My first attempt to follow the new food guide (don't worry, those spring rolls are vegetarian)

Saturday 19 January 2019

Cutting cable no longer crazy

They tell me the first few days will be the hardestIf you can get through that first week, you’ll be okay.  
Try to occupy yourself with other things. Like reading. Or knitting. Or sticking your head outside for a few minutes (depending on the windchill). 
Starting next week, there will be no more live sports.

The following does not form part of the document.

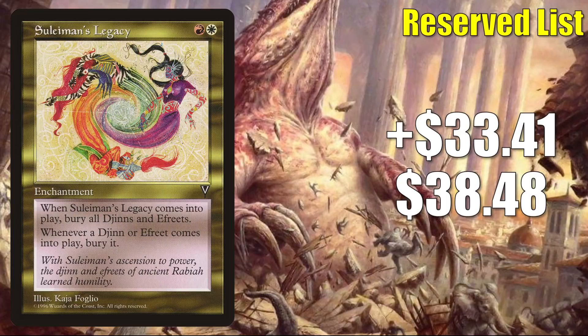Number 2 is Suleiman's Legacy, up $33.41 to $38.48 for a 659% increase. Clearly another speculative buyout here — some people are perhaps speculating on the fact that Wizards is supporting big tribes, and maybe the Djinn and/or Ifrit tribes will get some love in the future. It is very possible. Does this become a good card when that happens? Well, maybe not. But I think the appeal here is it is a reserve list card — it's unique, and at the end of the day, this is all about speculation and nostalgia.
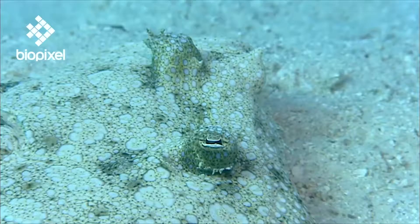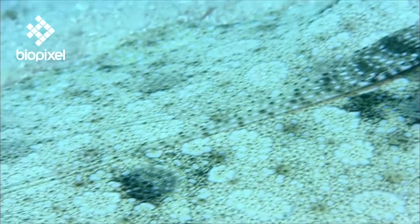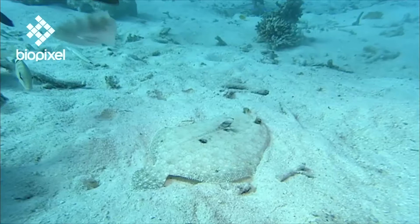These fishes are not bilaterally symmetrical — that is to say, the body cannot be divided into two similar halves along a head to tail axis. Instead, through a bizarre quirk of evolution, both eyes have migrated to one side of the fish, while the other side lays flat on the substrate.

No more Trump talking heads. No more channel surfing... The screen will be black. Well, not really, but more on that later. 
Cutting our cable isn't a New Year’s resolution, although it could be. It’s more of a money-saving exercise (yes, our promo ended), and a realization that TV is less important to us than it used to be. 

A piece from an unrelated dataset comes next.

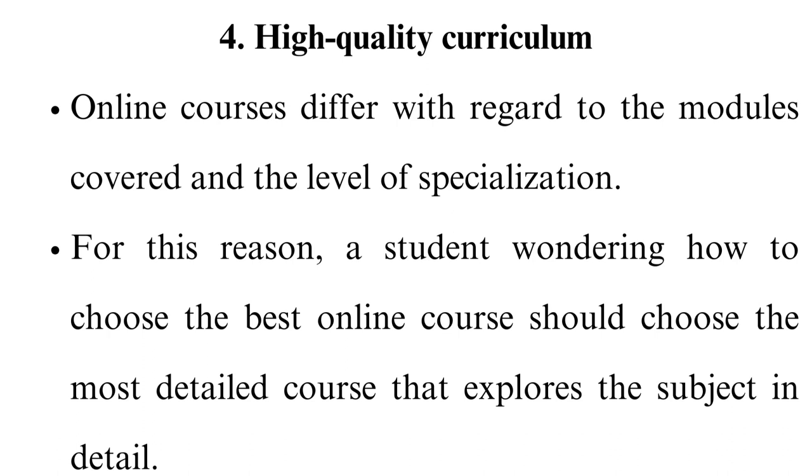4. High-quality curriculum. Online courses differ with regard to the modules covered and the level of specialisation. For this reason, a student wondering how to choose the best online course should choose the most detailed course that explores the subject in depth. This is especially useful for technical courses such as computer programming, which value practical skills and expertise.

There was a time when cable was somewhat vital, when it would be the first thing we turned on after work. Friends at suppertime was a regular event. Reality TV was just emerging as a hot thing – who could resist the first few seasons of Survivor and, dare I say, The Apprentice? 
Starting a family and hosting a steady stream of boarders changed all that. We didn’t want to set a precedent of eating in front of the TV. Nevertheless, we enjoyed certain shows and kept the cable cords intact. 
Having not grown up with cable, I initially balked at the cost when I first started my cable subscription. Fifty bucks a month seemed like a gratuitous expense when I was earning so little. But over time, I became like most everyone else, accepting the cost as I would another utility payment.
Even the poorest of the poor have cable, I reasoned. There are people who struggle to buy groceries who have the full array of TV channels. Maybe because it’s their one form of comfort, but it offers an interesting perspective on what we view as essential in life.
Now I admit, cutting the cord today is not as sacrificial as it once was. Fifteen years ago, it would mean near entertainment blackout. Back then I really would have had to do something different with my time. Not so today. 
When I told my daughter we were done with cable TV, the first thing she asked was: “But you’re not cutting Netflix, are you?” At the age of 11, she can’t decipher between video streaming and “real TV,” and in the near future I’m sure there will be no difference. As my co-worker said, everything his kids need they can find on YouTube. 
The one thing we can't live without is the internet. We've become as dependent on WiFi as electricity. Without it, our Amazon Echo would become useless! Not to mention our smart TV, our laptop, phones... When the internet cuts out in our home, I kid you not, it’s DEFCON 1. This is a US military alert from the Cold War era signalling Nuclear War is Imminent; in modern times, the rough equivalent is: I can’t order what I need on Amazon! 
Really, we’re not giving up that much by cutting cable. We're not even saving that much on costs. We’re simply offsetting ever-growing internet and cell phone bills, not to mention online subscriptions for TV streaming, music, data storage and online news. 
We're in the internet-of-things era, and it's getting expensive. Is it any wonder that Apple, Facebook and Amazon are the largest companies in the world? 
With or without cable, our screens will never be black anymore. 
With or without cable, we will find our digital comfort.